Patrick Gensing widmet sich anhand mehrerer prominenter Fälle dem Phänomen des Ausstiegs aus der rechtsextremen Szene und thematisiert die unterschiedlichen Motive der Ausstiegswilligen sowie die diversen Hürden auf dem Weg aus dem Rechtsextremismus. Grundsätzlich sei es notwendig, auch Rechtsextremisten einen Weg zurück in die Gesellschaft offen zu halten. Das dürfte aber nicht dazu führen, Aussteiger vorschnell als Helden zu verklären. Zu oft blieben Zweifel, ob der Schritt aus der Szene endgültig und glaubwürdig ist. Um sich dessen zu versichern, sei eine längerfristige und fachkundige Begleitung der Aussteiger geboten. Gensing meldet jedoch Zweifel an, ob die Verfassungsschutzbehörden die richtigen Ansprechpartner sind, um diese Aufgabe zu übernehmen.
Zum Standardrepertoire rechtsextremer Agitation gehört es, die zur Zeit der NS-Diktatur begangenen deutschen Verbrechen und insbesondere die Ermordung der europäischen Juden umzudeuten, zu relativieren oder gänzlich zu leugnen.
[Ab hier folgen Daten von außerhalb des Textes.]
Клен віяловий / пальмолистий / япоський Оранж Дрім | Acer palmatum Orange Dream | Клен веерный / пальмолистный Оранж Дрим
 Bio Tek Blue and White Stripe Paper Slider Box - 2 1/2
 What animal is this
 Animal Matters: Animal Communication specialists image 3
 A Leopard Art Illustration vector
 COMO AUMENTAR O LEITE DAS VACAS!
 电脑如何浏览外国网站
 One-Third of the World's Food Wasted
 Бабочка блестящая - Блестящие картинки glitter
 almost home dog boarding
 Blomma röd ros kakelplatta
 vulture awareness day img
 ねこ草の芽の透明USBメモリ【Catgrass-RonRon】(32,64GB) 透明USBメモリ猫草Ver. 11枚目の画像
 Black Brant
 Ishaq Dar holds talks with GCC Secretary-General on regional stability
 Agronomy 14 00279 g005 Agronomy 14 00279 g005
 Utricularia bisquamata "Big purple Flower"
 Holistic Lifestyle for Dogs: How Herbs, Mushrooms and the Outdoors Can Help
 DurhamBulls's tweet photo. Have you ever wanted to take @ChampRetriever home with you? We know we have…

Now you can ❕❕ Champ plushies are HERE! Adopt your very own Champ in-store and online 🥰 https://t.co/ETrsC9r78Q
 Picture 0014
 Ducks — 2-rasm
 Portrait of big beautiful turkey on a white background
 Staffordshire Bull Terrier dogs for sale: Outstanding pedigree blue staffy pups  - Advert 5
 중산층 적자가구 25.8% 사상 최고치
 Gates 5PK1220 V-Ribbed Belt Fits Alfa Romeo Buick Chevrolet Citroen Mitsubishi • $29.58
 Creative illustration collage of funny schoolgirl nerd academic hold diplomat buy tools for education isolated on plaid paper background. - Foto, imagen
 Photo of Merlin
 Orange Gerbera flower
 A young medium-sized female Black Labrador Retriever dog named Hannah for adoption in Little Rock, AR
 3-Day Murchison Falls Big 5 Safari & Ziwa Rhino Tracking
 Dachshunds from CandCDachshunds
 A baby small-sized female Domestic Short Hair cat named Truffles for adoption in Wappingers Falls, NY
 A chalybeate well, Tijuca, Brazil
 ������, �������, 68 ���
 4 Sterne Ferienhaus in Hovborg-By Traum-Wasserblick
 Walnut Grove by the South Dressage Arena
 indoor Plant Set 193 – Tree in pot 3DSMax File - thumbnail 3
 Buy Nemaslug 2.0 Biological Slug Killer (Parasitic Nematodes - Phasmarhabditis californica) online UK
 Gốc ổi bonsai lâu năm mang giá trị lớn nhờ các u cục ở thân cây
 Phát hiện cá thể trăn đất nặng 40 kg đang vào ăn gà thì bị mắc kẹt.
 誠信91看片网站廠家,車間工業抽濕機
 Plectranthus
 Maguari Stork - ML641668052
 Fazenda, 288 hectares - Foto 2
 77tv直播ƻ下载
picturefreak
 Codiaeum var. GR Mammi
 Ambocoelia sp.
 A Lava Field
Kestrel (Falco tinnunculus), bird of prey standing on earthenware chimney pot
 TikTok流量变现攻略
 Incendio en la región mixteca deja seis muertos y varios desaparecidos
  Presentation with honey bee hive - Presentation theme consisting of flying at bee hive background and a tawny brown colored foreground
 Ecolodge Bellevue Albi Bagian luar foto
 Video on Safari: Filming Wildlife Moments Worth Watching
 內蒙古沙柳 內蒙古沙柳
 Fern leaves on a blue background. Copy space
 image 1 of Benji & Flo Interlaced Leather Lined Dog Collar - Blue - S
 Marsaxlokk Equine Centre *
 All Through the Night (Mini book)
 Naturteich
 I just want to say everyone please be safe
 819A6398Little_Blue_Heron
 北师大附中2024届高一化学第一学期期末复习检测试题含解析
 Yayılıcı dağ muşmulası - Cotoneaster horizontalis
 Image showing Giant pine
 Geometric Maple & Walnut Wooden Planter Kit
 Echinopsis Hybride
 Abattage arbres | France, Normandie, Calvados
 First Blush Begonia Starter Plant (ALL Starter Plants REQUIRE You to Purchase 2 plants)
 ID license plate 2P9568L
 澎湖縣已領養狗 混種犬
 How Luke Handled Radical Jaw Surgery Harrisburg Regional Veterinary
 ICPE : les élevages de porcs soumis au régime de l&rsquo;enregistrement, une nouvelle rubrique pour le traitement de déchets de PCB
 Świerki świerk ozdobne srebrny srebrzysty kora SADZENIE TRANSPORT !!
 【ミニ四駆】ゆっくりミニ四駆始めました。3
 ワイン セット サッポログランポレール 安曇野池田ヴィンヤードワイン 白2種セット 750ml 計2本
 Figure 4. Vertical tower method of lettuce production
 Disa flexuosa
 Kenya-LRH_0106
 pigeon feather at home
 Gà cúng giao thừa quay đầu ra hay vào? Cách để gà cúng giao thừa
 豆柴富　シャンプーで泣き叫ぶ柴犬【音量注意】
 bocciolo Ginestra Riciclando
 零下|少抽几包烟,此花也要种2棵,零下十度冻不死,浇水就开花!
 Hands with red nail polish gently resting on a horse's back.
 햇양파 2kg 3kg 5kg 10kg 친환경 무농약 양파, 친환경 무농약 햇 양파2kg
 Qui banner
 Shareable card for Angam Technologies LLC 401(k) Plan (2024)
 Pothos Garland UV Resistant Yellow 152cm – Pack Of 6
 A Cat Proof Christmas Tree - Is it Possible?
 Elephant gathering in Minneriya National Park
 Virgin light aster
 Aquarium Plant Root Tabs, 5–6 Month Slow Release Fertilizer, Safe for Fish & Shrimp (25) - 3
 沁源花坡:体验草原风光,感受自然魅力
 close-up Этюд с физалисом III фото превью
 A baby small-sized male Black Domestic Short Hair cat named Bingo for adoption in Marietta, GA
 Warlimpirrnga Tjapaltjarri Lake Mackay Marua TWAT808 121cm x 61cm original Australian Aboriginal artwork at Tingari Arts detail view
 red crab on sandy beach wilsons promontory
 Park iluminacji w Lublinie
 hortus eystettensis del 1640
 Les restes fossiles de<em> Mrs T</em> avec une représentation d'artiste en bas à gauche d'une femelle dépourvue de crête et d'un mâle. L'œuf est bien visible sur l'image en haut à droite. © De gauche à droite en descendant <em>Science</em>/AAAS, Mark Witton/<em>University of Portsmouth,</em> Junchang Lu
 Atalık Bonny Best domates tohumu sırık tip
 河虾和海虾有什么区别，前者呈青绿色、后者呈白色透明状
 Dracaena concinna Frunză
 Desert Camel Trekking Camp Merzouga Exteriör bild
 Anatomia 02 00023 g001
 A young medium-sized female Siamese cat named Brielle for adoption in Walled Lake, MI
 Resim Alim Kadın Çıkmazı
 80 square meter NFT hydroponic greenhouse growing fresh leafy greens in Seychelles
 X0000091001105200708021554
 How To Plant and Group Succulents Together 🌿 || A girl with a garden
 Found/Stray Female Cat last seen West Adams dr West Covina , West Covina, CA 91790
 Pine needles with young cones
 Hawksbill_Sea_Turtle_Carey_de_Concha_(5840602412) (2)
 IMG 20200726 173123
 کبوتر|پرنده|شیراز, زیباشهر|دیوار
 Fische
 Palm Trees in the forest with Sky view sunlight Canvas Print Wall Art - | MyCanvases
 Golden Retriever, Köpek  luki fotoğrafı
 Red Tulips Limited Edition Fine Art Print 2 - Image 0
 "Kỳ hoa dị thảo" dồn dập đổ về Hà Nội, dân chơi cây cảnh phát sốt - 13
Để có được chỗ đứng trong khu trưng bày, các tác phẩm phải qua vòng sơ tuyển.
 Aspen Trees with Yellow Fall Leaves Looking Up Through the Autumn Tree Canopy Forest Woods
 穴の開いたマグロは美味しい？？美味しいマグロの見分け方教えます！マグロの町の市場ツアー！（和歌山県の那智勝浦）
In der historischen Rückschau legt Wolfgang Benz detailliert dar, wie die extreme Rechte
"Revisionismus" bis heute als pseudowissenschaftlich argumentierende "Hilfsideologie" nutzt, um ihrer Ideologie den Anschein von Legitimität zu verleihen. Seine Darstellung präsentiert zentrale Stimmen und Stationen, die als prägend für den strategischen Einsatz geschichtsrevisionistischer Argumentationsmuster im Allgemeinen und der Holocaustleugnung im Speziellen gelten dürfen. Benz streift dabei auch die Frage, welche strafrechtlichen und pädagogischen Maßnahmen notwendig sind, um trotz des wachsenden zeitlichen Abstands zu den Geschehnissen zu verhindern, dass diese manipulative Umdeutung der Geschichte Früchte trägt.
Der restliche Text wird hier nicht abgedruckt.